Нам одним было непонятно, зачем им это общение, спустя тринадцать лет взаимной неприязни, неуважения и испорченных накаленной обстановкой за столом дней рождения детей.
После отъезда свекровь ходила по городу и всем знакомым жаловалась, какая она одинокая, сын бросил ее и, глупец, уехал за границу. Ее жалели, сына ругали.
В общем, «привет вам, синьорина, ваш отъезд здесь вызвал много разных пересудов».
Когда муж приехал в город по делам, пересуды дошли и до него. Когда-то в прошлом такое у нас уже было.
Как было написано То Самое Письмо (почти по Киплингу)
Разговаривать с мамой мне было тяжело. Она продолжала задавать мне одни и те же вопросы – что я готовлю на завтрак, обед и ужин, покупаю ли я мороженое детям, и есть ли у меня свежие овощи. От этих вопросов я ощущала себя на допросе органами опеки.

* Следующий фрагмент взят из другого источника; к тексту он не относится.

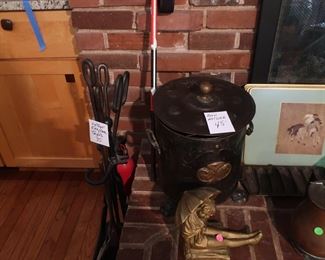 fireplace  holder  for  ashes, place  mats, statue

У меня не было для нее новостей, у меня не было в жизни перемен, у меня не было для нее эмоций.
Иногда моя мама начинала вести странные разговоры – она начинала хвалить меня за то, как хорошо я забочусь о детях, и какая я дальновидная мать в плане их образования. Ничего, кроме оторопи, это не вызывало. Во-первых, тем, за что она меня сейчас хвалила – она непрерывно упрекала меня предшествующие 13 лет. Что заставило ее так изменить мнение? Во-вторых, я помнила, что говорит мама после того, как кладет трубку.